January soybeans closed up 5 1/4 cents at $9.15 Tuesday, surviving USDA's bearish adjustment to world ending soybean stocks. As typically happens in December, USDA made no changes to U.S. crop estimates, and as it turns out, USDA made no adjustments to U.S. demand either, keeping its estimate of ending stocks unchanged at 955 mb. Even so, the lack of actual soybean exports remains a bearish concern for soybean prices with traders still waiting for some sort of purchase. Early Tuesday, President Donald Trump tweeted to watch for important announcement from China, again stoking hope that big ag purchases are on the way, but this has become a waiting game for traders, still on the watch for any evidence of real trade progress. USDA increased its estimate for world ending soybean stocks from 112.08 mmt to 115.33 mmt (4.24 bb).

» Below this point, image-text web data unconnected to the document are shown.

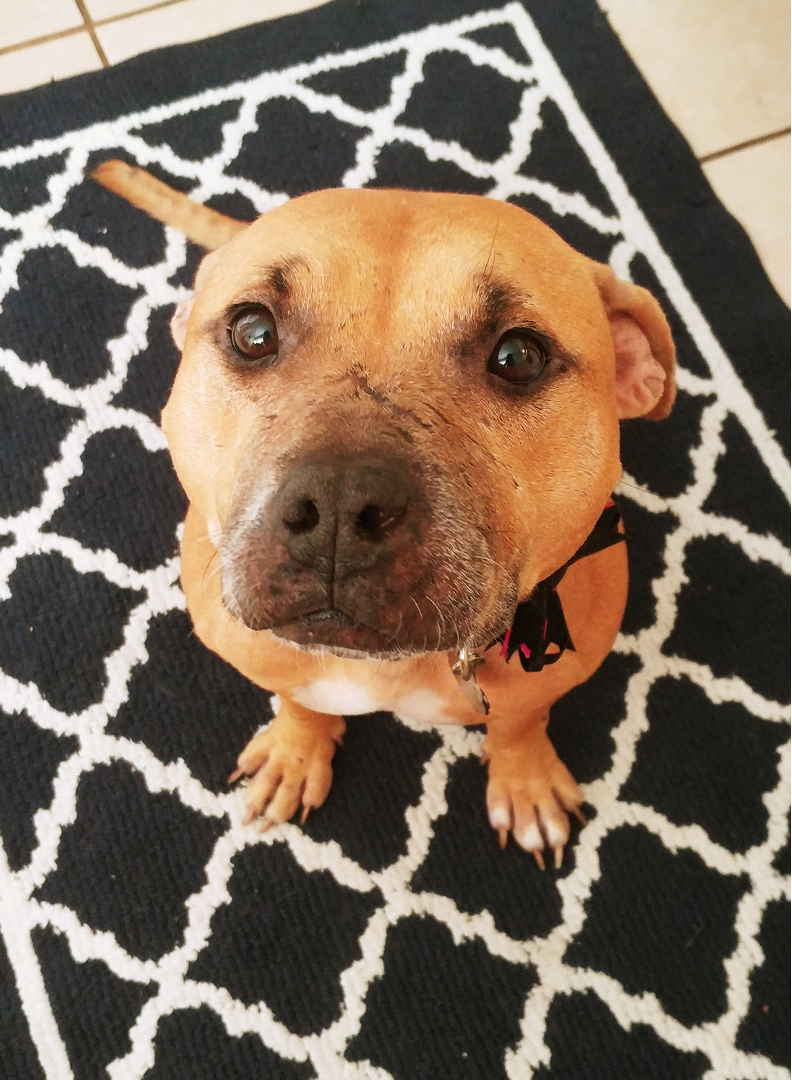 Image of a small brown down looking at the camera while sitting on a patterned rug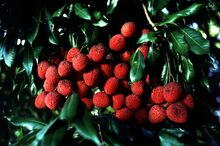 ꯐꯥꯏꯜ:Lychee.jpg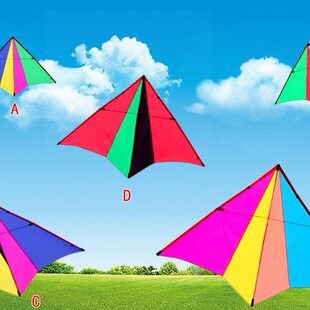 新款网红飞悦1.6小彩燕1.1小轻体风筝微风王PA31专业大人儿童风筝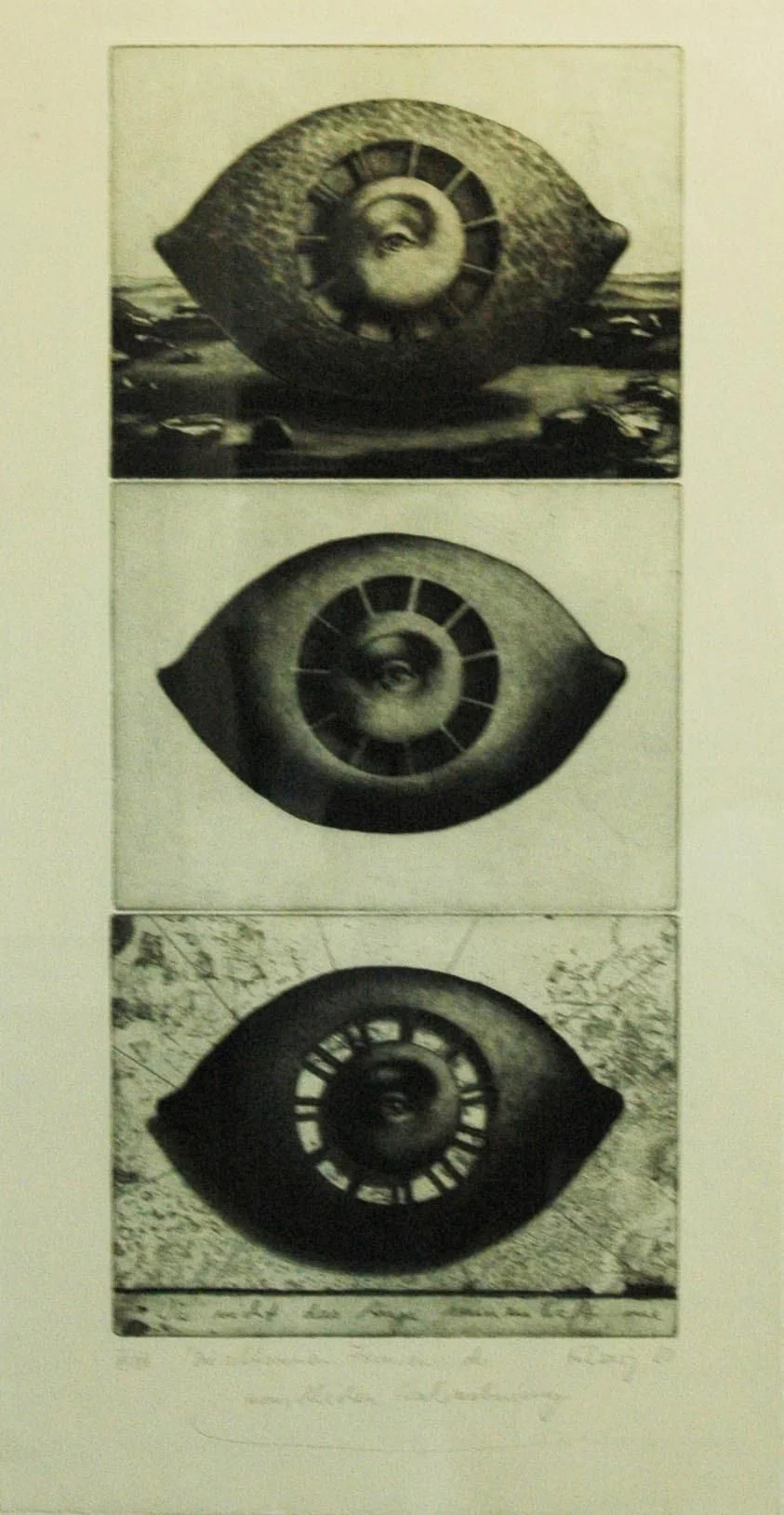 Die seltsamen Formen der menschlichen Wahrnehmung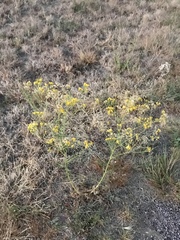 Hymenothrix wislizeni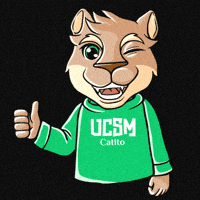 ucatolicadesantamaria Guiño camarada aprobación la católica GIF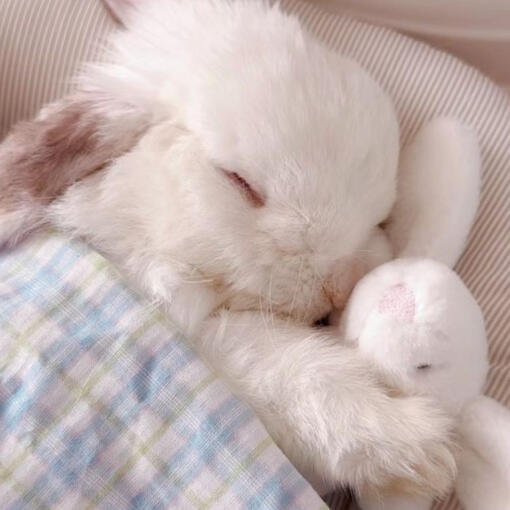a small rabbit is sleeping under a blanket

Part of the increase came from the revision of a prior year, which included increasing Brazil's 2017-18 soybean crop estimate from 119.80 mmt to 120.30 mmt (4.42 bb). Brazil's 2018-19 soybean crop estimate was also increased from 120.50 mmt to 122.00 mmt (4.48 bb). Argentina has a chance for heavy rains and possible local flooding this week, but so far, the outlook for South America's new crops are a bearish concern for soybean prices. For now, the trend in cash soybeans is up, helped by modest basis improvement, but also taking place in a high risk trade environment. DTN's National Soybean Index closed at $8.22 Monday, near its highest level in four months and priced $0.88 below the January contract.

Wheat:

March K.C. wheat ended down 5 1/2 cents at $5.04 3/4 Tuesday, not finding much encouragement from Tuesday's WASDE numbers. USDA reduced the U.S. wheat export estimate by 25 mb, resulting in an increase in the ending stocks estimate for 2018-19, from 949 mb to 974 mb. USDA increased its world ending wheat stocks estimate from 266.71 mmt to 268.10 mmt or 9.85 bb, a little more than was expected. Part of the increase came from a revision to a prior year and small tweaks were made to crop estimates. Australia's wheat crop was reduced 0.5 mmt and Canada's crop was increased by 0.3 mmt. Overall, there was not much in Tuesday's report to help support winter wheat prices and both K.C. and Chicago finished lower. Even so, the trend for cash HRW wheat has turned sideways, while cash SRW and HRS prices are trending higher. DTN's National HRW index closed near a new one-month high of $4.78 Monday, 32 cents below the March contract. DTN's National SRW index closed at $4.93 Monday, near a new three-month high. Trading in December wheat contracts has become dangerously thin, ahead of final trading day on Dec. 14.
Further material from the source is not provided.